### What you will do
Below are entries with pictures in them. Output exactly the lines starting at the line with "Bourbon Smoked Chili & Coffee Rub" and ending at the line with "电脑VPN连不上网？别慌！3步教你快速排查与解决，附常见错误解决方案！", both included, but not the pictures.

### Material for the task
==============================

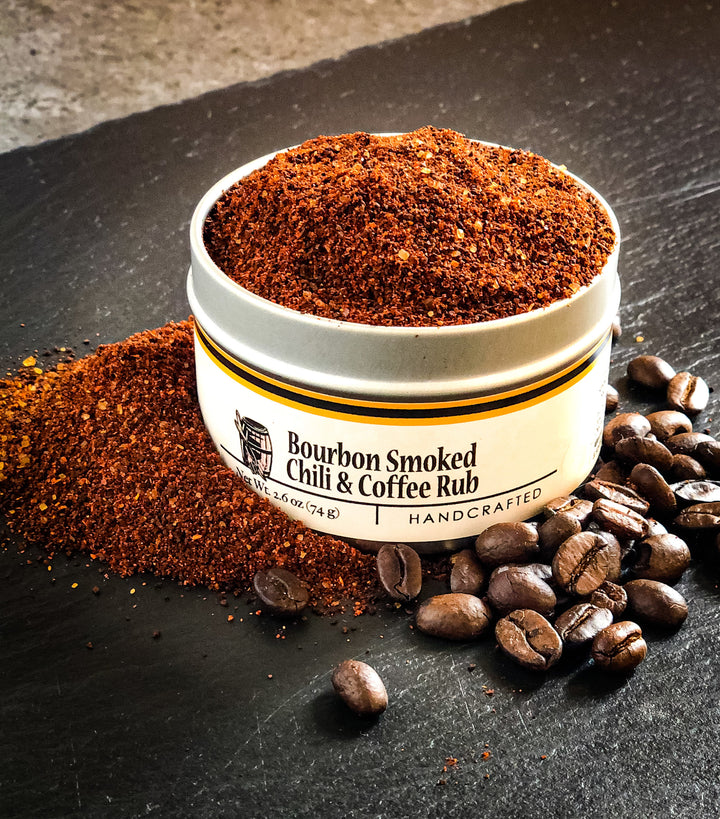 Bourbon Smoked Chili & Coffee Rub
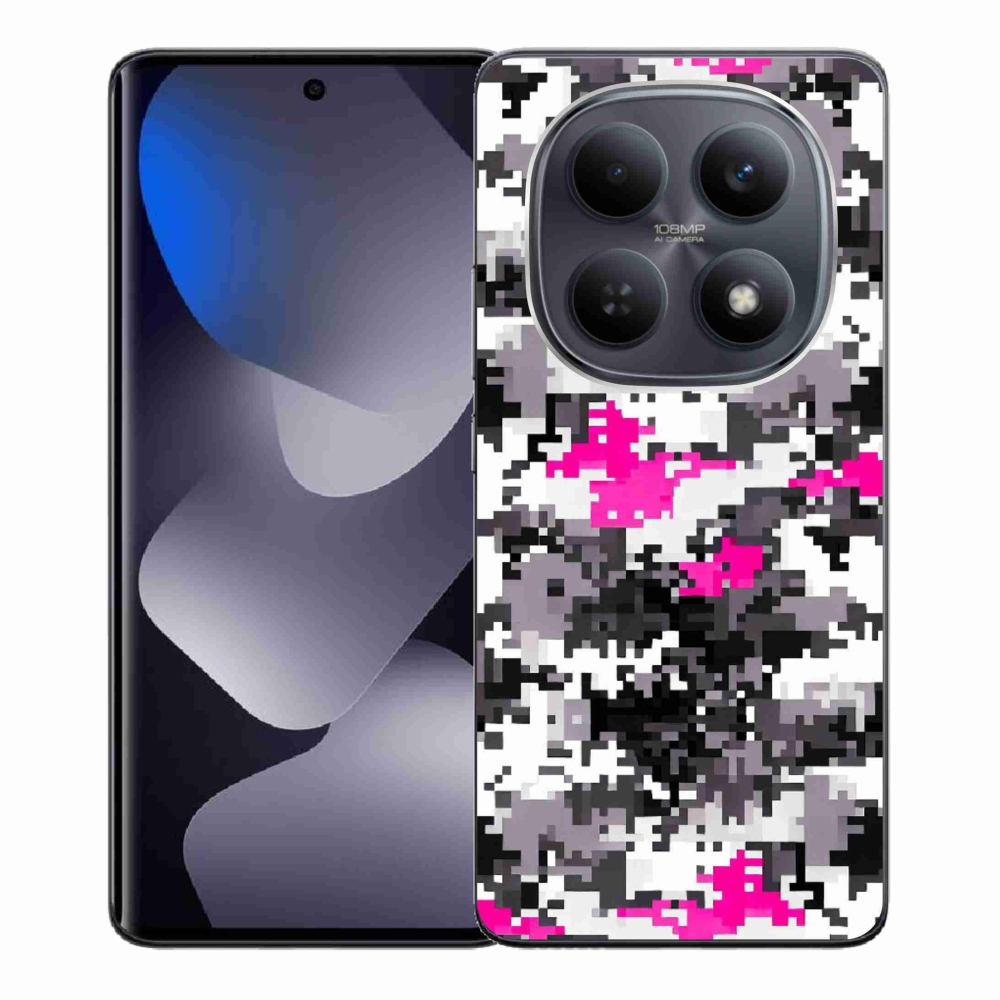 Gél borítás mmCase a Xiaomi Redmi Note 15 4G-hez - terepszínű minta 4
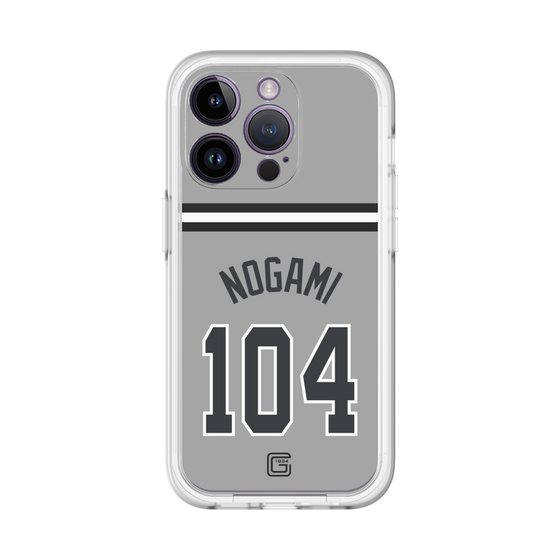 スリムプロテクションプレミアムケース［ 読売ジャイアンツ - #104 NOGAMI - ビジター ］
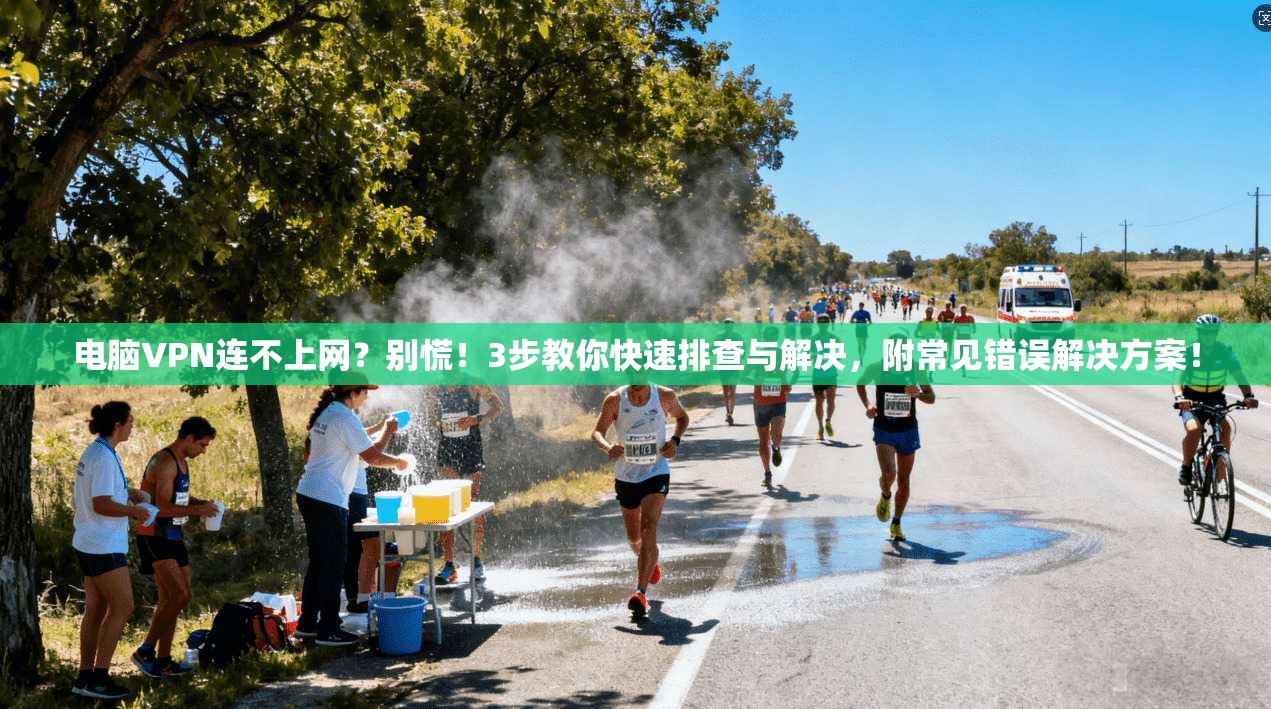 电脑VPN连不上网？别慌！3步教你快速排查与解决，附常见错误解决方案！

==============================

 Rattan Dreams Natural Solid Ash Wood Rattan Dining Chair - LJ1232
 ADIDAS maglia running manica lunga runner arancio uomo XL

==============================

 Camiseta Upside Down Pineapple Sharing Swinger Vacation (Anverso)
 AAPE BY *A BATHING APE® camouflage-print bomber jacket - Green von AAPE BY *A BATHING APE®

==============================

### Solution
 Bourbon Smoked Chili & Coffee Rub
 Gél borítás mmCase a Xiaomi Redmi Note 15 4G-hez - terepszínű minta 4
 スリムプロテクションプレミアムケース［ 読売ジャイアンツ - #104 NOGAMI - ビジター ］
 电脑VPN连不上网？别慌！3步教你快速排查与解决，附常见错误解决方案！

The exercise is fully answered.